Collection entries
========================================

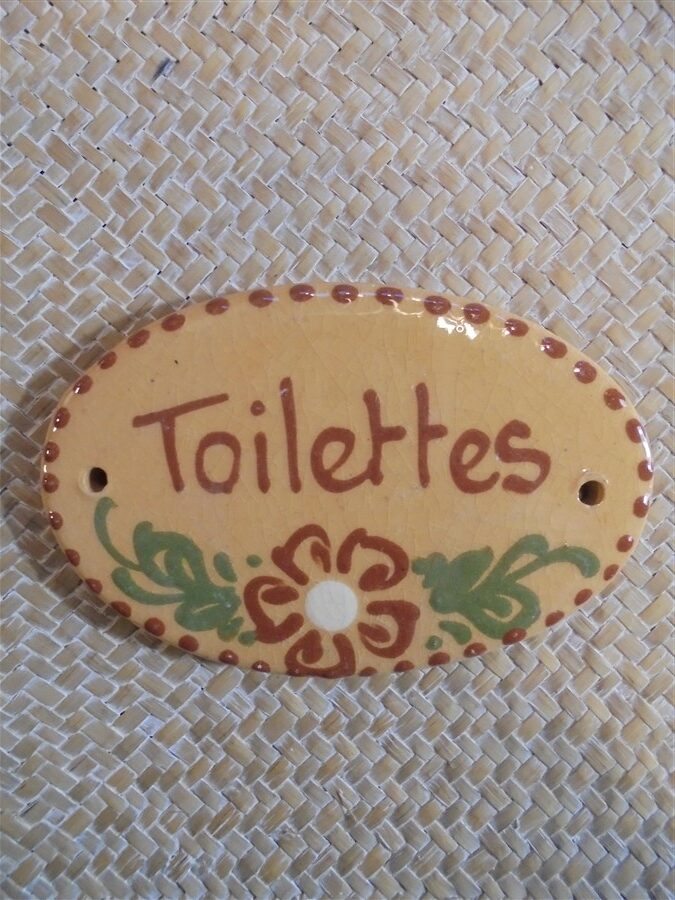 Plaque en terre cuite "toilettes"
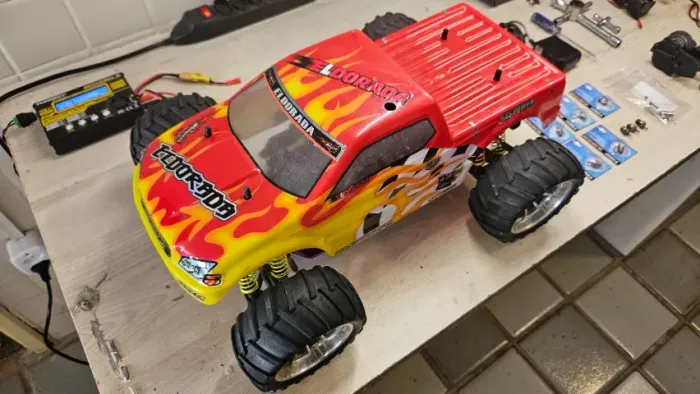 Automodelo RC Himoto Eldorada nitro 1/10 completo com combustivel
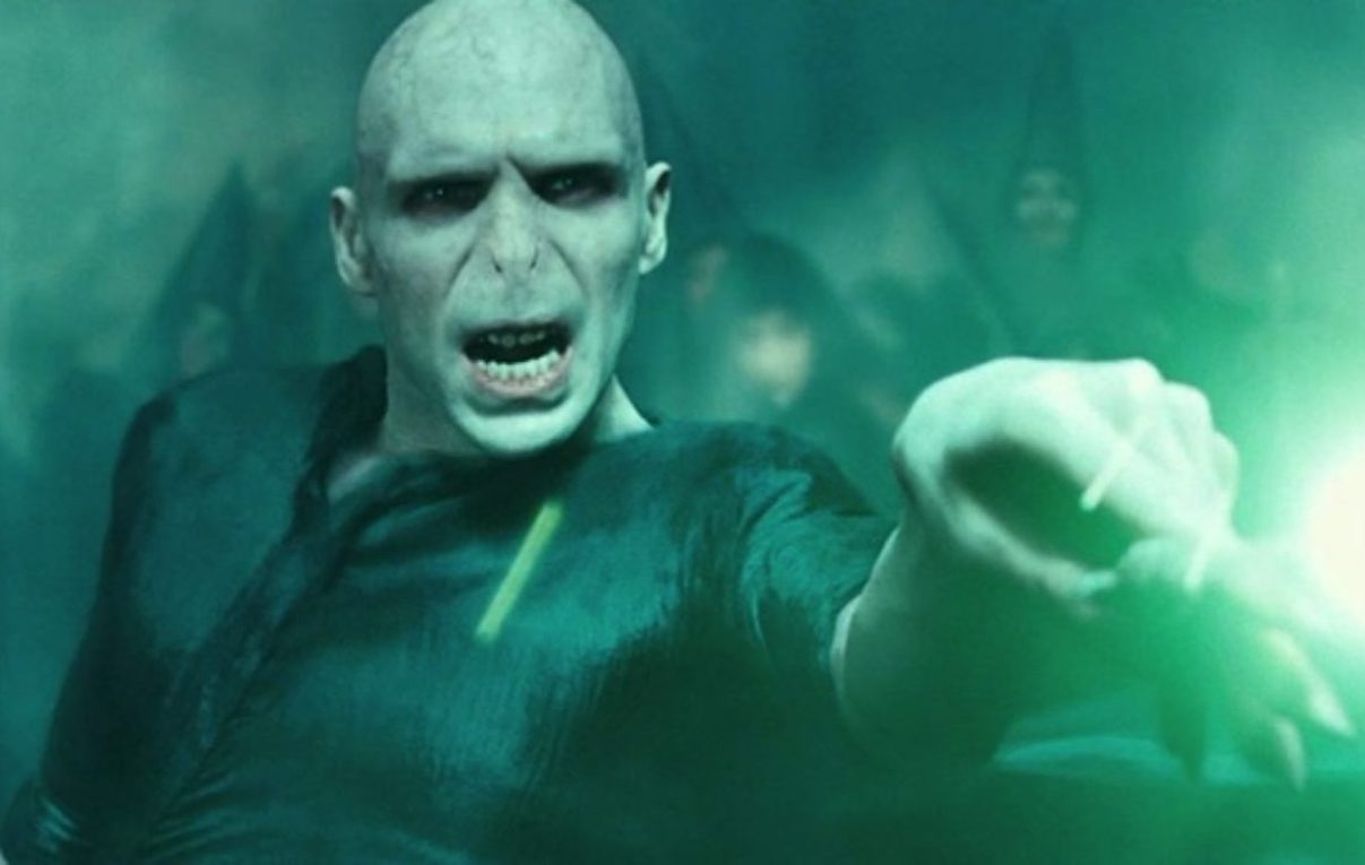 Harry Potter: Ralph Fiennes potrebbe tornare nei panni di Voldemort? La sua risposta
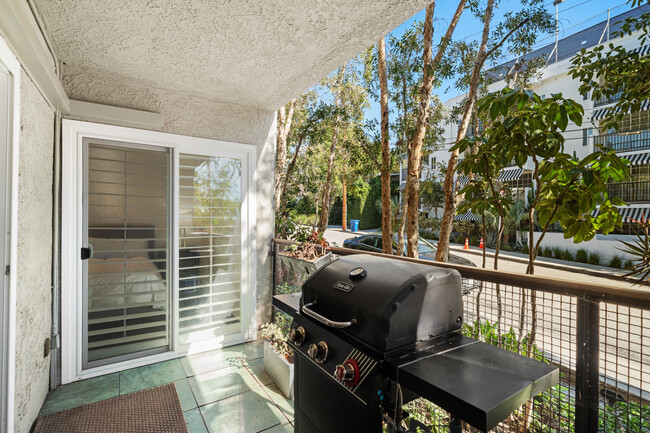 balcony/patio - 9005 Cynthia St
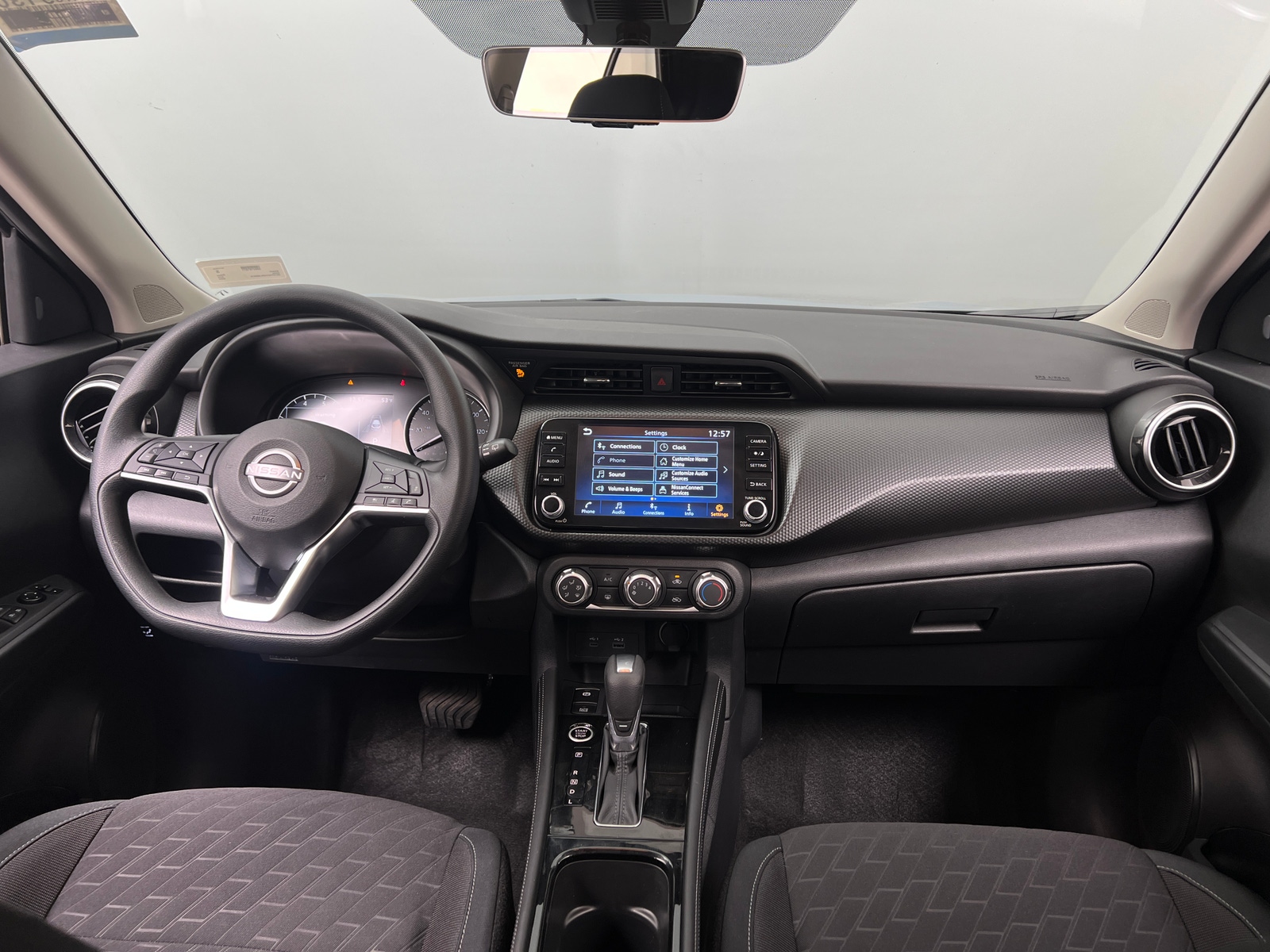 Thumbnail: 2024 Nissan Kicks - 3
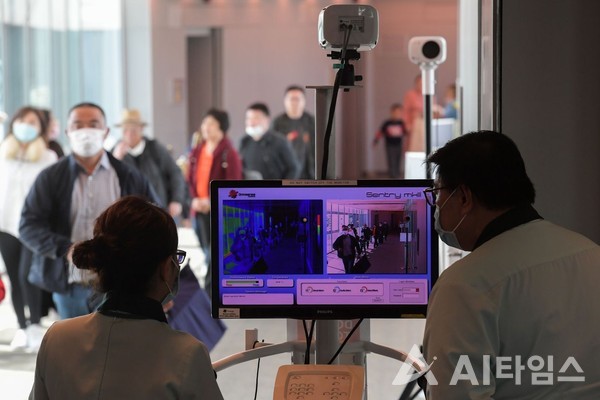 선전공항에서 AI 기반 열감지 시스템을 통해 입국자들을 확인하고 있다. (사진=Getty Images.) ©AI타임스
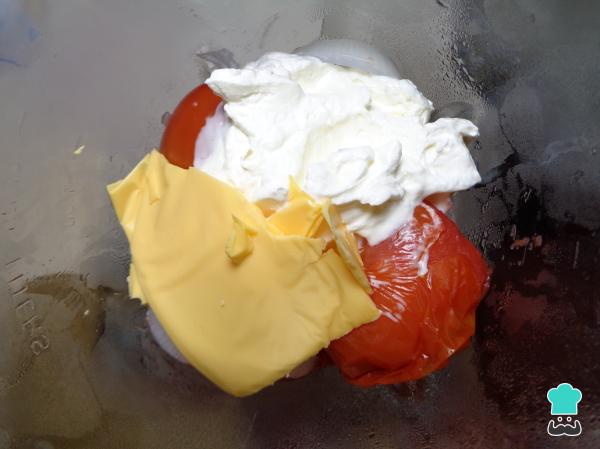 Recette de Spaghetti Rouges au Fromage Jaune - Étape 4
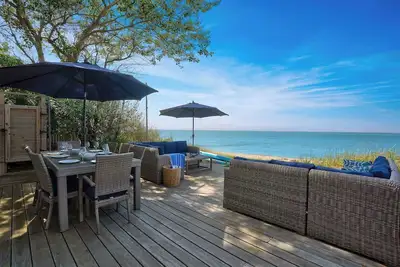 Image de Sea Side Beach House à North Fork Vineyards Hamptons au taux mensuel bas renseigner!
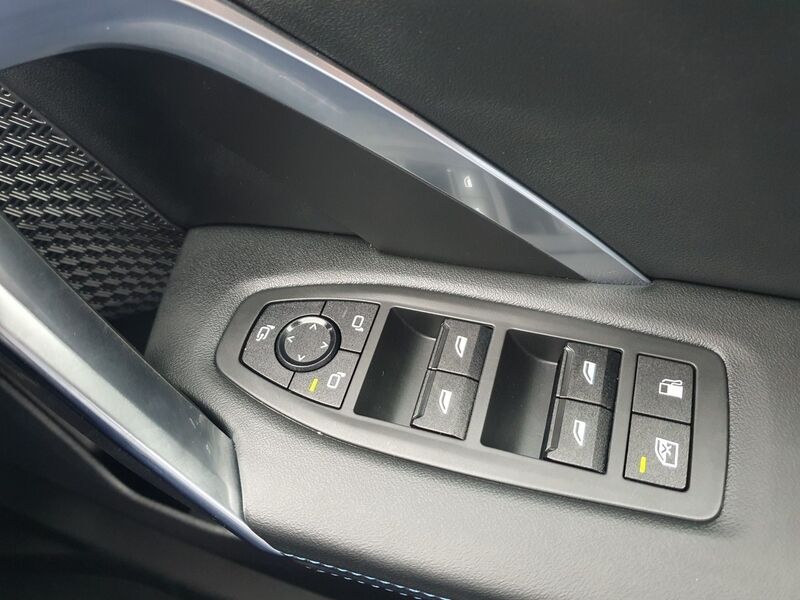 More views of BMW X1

========================================

- Work request
Exact copy, pictures excluded: restate every record above word for word.

- Answer for this exercise
 Plaque en terre cuite "toilettes"
 Automodelo RC Himoto Eldorada nitro 1/10 completo com combustivel
 Harry Potter: Ralph Fiennes potrebbe tornare nei panni di Voldemort? La sua risposta
 balcony/patio - 9005 Cynthia St
 Thumbnail: 2024 Nissan Kicks - 3
 선전공항에서 AI 기반 열감지 시스템을 통해 입국자들을 확인하고 있다. (사진=Getty Images.) ©AI타임스
 Recette de Spaghetti Rouges au Fromage Jaune - Étape 4
 Image de Sea Side Beach House à North Fork Vineyards Hamptons au taux mensuel bas renseigner!
 More views of BMW X1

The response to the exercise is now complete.